User:Harej (WMF)/cloud
Executive summary
Introduction
Wikimedia Cloud Services expands on the core technical infrastructure of the Wikimedia projects by providing technical resources for tool developers and others working on software that benefits the Wikimedia movement. The Technical Engagement team at the Wikimedia Foundation wants to understand who uses Cloud Services, what they use Cloud Services for, and why. Since 2015 we have surveyed developers on our Toolforge platform to learn how to better improve that service; this year, we expanded our survey to include both Toolforge and Cloud VPS. We also included questions on tool development and MediaWiki development as major use cases for our platforms. With this additional feedback, we hope to get a better sense of how Wikimedia Cloud Services can contribute to the Wikimedia movement.
Methodology
We prepared a questionnaire containing 24 questions, covering topics including basic demographic information, use of the Toolforge and Cloud VPS platforms, specific use cases of Cloud Services, and feedback around the Cloud Services. Respondents answered different parts of the survey depending on whether they have used Toolforge or Cloud VPS or whether they identify as a "tool developer."
The survey was distributed to 1,722 Wikitech users based on their membership in one or more Cloud VPS project (including the Tools project). The survey was completed by 163 respondents, a response rate of 9.5%. As this is not a random sample but a self-selecting sample, the results of this survey may not necessarily be statistically representative of the Cloud Services user population as a whole; rather, they reflect the perspectives of those who were motivated enough to respond.
The response set was divided into these demographic cohorts:
- Tool developers vs. non-tool developers
- Users of the predecessor Toolserver service vs. otherwise
- Wikimedia Foundation staff vs. non-staff
- Hours per week spent on tool development
- Number of tools maintained
- Number of years using Toolforge
For free-text responses, we tagged each response (where possible) with one or more categories, based on the different topics covered by the responses.
Findings
Demographics
Wikimedia Cloud Services provides computing resources free of charge to members of the community while also acting as an internal service provider for Wikimedia Foundation software engineers. Surveyed users of Toolforge and Cloud VPS are predominantly tool developers from the community: 85.9% of survey respondents identified as tool developers, while only 23.3% of survey respondents reported working for the Wikimedia Foundation as an employee, contractor, vendor, or intern.

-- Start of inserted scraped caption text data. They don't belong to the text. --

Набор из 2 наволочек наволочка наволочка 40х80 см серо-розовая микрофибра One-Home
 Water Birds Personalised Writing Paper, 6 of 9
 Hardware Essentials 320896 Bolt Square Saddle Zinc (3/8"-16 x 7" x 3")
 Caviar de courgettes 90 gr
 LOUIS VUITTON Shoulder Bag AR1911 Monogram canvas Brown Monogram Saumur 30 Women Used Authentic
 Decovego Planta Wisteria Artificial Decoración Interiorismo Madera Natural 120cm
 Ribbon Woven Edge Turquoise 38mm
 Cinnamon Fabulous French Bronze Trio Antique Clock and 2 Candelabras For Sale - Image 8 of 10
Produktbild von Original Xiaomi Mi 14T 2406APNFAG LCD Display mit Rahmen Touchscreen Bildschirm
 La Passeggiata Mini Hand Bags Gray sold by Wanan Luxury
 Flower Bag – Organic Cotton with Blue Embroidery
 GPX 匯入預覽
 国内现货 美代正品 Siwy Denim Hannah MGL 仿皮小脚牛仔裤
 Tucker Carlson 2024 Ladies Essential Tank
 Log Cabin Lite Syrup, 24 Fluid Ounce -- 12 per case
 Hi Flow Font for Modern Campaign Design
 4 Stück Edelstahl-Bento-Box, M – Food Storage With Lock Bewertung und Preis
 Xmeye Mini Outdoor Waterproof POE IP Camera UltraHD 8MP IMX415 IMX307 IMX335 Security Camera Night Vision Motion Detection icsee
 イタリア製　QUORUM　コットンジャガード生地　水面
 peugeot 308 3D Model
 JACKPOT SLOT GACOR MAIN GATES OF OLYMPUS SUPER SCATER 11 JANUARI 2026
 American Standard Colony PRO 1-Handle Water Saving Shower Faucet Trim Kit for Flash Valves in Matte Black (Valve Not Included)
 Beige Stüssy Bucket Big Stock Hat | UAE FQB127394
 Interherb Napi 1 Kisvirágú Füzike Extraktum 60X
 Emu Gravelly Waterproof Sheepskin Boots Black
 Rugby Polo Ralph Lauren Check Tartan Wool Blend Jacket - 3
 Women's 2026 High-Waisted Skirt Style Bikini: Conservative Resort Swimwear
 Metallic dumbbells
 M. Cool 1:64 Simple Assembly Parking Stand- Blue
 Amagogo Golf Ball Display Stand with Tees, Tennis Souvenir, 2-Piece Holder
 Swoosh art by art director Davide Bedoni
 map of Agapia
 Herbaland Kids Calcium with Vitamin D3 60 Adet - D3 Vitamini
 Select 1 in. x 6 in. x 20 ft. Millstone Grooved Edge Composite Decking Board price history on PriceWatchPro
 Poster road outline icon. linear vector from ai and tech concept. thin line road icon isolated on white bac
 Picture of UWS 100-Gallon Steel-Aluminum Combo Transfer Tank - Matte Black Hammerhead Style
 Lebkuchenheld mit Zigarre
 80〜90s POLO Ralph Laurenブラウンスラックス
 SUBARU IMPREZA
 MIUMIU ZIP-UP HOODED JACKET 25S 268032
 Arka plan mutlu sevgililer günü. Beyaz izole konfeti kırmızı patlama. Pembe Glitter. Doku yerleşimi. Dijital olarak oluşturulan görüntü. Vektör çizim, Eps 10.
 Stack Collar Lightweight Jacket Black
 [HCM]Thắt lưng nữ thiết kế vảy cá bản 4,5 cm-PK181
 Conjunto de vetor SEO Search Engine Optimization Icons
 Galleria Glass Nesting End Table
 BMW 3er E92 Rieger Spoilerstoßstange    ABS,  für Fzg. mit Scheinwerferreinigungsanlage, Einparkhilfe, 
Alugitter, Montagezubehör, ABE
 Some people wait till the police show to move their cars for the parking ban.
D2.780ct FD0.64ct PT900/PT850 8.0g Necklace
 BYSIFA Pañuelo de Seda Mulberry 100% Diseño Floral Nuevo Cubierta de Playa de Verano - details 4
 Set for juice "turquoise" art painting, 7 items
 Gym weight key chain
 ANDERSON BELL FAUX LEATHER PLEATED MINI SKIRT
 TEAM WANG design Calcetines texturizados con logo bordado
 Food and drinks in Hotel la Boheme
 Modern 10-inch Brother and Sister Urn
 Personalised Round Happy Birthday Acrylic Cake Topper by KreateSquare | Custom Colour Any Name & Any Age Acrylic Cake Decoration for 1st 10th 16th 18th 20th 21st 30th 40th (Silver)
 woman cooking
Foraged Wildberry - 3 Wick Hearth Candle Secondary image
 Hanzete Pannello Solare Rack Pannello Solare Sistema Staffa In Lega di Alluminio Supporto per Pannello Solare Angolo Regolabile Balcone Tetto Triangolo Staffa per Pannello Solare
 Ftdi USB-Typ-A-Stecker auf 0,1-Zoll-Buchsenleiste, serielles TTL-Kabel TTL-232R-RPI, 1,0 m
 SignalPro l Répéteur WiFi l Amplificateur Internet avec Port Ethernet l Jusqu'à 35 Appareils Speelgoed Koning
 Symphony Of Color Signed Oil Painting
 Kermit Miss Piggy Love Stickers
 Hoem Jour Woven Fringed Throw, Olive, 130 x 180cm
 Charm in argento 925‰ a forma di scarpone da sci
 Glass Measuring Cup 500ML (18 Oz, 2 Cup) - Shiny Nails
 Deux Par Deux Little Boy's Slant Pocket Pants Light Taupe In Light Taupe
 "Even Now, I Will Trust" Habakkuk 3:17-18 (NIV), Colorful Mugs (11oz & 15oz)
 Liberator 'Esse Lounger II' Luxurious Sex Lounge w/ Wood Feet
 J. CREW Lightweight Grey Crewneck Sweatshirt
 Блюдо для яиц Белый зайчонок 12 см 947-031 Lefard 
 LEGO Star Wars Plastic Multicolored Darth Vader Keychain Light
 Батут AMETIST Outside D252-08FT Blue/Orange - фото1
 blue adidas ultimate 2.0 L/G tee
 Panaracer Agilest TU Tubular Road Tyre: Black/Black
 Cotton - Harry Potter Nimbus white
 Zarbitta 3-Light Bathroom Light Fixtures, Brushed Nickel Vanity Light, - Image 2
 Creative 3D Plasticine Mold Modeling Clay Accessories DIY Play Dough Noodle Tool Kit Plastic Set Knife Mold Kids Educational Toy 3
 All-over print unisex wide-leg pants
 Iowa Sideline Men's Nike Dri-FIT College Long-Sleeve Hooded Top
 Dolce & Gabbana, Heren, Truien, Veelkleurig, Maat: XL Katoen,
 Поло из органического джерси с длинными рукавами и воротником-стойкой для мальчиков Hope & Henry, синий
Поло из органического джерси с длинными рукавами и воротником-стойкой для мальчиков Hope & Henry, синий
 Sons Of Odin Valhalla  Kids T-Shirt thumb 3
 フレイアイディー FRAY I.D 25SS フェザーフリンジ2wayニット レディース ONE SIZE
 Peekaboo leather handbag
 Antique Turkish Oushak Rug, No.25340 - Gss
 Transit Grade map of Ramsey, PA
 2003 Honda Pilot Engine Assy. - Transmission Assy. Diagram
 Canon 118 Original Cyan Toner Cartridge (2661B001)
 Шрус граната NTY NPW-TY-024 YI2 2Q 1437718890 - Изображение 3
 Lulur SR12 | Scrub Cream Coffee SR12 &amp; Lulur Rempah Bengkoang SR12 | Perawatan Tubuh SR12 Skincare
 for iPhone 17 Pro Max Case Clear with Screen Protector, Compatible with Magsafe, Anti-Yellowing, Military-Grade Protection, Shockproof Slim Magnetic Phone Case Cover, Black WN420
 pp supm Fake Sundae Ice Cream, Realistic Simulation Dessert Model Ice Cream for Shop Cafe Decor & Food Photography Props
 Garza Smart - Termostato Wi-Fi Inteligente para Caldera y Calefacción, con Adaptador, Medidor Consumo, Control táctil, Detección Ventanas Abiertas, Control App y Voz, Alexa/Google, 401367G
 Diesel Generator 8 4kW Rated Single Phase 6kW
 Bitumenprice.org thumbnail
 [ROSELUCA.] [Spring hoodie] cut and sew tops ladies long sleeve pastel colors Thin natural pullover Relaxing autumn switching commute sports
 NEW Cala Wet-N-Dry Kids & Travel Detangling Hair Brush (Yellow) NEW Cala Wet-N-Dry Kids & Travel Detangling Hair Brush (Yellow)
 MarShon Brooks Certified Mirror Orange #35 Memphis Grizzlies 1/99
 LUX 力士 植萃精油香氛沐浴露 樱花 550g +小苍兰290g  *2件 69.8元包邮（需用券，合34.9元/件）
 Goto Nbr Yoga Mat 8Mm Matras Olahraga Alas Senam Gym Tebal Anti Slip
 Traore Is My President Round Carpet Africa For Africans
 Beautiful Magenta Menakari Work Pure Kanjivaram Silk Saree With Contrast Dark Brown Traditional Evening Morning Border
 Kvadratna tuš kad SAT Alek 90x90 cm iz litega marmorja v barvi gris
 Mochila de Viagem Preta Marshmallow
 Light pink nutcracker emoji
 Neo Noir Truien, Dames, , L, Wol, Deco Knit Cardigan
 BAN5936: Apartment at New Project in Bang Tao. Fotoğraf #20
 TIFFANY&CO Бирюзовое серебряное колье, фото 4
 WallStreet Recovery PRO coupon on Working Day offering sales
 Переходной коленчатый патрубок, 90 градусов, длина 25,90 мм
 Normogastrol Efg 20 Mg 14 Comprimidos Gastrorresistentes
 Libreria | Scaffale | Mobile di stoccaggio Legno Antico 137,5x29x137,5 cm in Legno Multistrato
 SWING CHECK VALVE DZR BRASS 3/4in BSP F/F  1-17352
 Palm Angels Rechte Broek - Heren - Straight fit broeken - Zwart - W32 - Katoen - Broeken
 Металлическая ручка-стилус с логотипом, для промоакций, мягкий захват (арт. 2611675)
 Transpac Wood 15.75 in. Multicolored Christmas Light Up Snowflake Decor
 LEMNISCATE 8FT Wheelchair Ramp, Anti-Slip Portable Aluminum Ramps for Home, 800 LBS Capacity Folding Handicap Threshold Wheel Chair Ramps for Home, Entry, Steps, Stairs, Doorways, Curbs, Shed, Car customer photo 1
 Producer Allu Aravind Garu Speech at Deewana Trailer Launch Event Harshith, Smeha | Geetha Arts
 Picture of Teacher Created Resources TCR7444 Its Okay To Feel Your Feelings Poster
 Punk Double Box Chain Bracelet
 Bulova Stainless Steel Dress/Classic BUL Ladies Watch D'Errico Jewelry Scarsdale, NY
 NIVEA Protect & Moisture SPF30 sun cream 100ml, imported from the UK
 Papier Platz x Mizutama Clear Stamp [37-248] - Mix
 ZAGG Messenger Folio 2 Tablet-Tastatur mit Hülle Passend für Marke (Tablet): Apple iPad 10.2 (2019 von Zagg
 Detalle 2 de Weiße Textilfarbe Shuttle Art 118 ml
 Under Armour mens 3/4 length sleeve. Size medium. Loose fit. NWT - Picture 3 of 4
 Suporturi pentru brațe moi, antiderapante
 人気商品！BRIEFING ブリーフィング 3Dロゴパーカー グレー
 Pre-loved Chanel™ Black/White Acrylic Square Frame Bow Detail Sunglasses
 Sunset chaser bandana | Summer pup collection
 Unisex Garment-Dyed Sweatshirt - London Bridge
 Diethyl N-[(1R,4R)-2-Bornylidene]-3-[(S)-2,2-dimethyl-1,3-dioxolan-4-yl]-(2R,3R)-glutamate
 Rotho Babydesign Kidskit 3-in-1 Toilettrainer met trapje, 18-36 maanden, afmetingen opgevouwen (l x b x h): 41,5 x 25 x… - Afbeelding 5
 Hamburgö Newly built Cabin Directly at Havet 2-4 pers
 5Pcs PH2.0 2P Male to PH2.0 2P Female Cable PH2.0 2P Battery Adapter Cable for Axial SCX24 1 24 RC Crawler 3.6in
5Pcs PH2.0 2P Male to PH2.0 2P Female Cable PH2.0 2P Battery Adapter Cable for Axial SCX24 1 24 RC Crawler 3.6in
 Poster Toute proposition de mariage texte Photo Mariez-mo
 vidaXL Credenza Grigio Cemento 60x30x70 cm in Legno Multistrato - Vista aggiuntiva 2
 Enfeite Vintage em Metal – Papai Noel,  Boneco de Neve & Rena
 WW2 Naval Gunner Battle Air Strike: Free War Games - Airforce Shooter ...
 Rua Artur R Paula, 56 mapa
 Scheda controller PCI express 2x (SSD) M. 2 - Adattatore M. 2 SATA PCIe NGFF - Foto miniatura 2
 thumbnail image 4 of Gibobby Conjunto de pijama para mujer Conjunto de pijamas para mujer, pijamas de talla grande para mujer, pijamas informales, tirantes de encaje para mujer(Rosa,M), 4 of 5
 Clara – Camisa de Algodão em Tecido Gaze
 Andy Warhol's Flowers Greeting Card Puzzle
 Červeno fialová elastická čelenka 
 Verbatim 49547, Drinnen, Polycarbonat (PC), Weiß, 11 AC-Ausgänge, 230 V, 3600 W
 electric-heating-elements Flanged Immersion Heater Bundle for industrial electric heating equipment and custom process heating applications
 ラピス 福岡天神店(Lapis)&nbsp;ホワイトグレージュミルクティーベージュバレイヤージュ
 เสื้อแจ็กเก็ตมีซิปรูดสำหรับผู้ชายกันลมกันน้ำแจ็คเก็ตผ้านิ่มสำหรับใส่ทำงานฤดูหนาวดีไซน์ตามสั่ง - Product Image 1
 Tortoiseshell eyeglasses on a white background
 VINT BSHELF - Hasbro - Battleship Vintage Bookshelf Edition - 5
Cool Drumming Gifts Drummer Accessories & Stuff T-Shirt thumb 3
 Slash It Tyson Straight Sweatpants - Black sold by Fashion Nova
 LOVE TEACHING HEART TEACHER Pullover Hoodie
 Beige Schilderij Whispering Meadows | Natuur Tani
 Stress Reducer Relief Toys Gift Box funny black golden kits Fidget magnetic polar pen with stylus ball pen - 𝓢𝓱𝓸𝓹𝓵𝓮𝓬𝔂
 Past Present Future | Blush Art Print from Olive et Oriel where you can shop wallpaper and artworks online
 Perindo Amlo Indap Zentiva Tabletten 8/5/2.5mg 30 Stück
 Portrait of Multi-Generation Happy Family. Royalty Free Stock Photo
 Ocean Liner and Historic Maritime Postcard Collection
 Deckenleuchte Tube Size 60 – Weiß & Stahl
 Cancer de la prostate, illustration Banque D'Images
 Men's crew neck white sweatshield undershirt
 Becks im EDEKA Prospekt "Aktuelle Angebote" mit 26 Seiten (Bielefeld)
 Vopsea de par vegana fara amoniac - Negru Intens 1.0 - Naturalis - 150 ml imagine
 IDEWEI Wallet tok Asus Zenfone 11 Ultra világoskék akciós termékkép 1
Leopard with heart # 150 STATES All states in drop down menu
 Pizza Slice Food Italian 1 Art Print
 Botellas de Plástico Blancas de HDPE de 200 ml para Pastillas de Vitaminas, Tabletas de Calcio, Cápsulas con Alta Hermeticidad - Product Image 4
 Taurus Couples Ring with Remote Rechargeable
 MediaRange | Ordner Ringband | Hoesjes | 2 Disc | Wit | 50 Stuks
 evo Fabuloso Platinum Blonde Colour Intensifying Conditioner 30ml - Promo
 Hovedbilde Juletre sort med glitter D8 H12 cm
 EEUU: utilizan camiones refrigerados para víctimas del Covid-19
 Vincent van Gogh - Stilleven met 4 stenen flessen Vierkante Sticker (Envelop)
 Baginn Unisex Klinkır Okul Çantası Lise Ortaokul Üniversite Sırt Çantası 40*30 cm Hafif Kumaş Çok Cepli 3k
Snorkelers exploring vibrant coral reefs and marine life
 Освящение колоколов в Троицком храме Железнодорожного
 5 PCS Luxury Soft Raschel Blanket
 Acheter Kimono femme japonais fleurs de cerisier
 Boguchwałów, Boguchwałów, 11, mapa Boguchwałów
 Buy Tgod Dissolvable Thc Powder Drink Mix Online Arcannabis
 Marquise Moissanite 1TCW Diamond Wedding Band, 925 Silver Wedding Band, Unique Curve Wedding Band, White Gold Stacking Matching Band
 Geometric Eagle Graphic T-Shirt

Though relatively few in number, staff possibly have a significantly different experience from the volunteer population. Affiliation with the Wikimedia Foundation as a member of staff was found to be associated with the frequency with which the Cloud Services team was contacted for support (p = 0.01), with feeling supported by the Cloud Services team (p < 0.01), and the amount of work done locally vs. remotely on Toolforge (p = 0.04). This may suggest that the user experience for Toolforge and Cloud VPS favors those with strong technical skills, connections to Wikimedia Foundation staff, or both.
Most users of Toolforge have been using the service for years. Of the 132 respondents who stated they used Toolforge, 20.5% reported using Toolforge for one year, 28.0% reported using Toolforge for 2-3 years, and 51.5% reported using Toolforge for four or more years.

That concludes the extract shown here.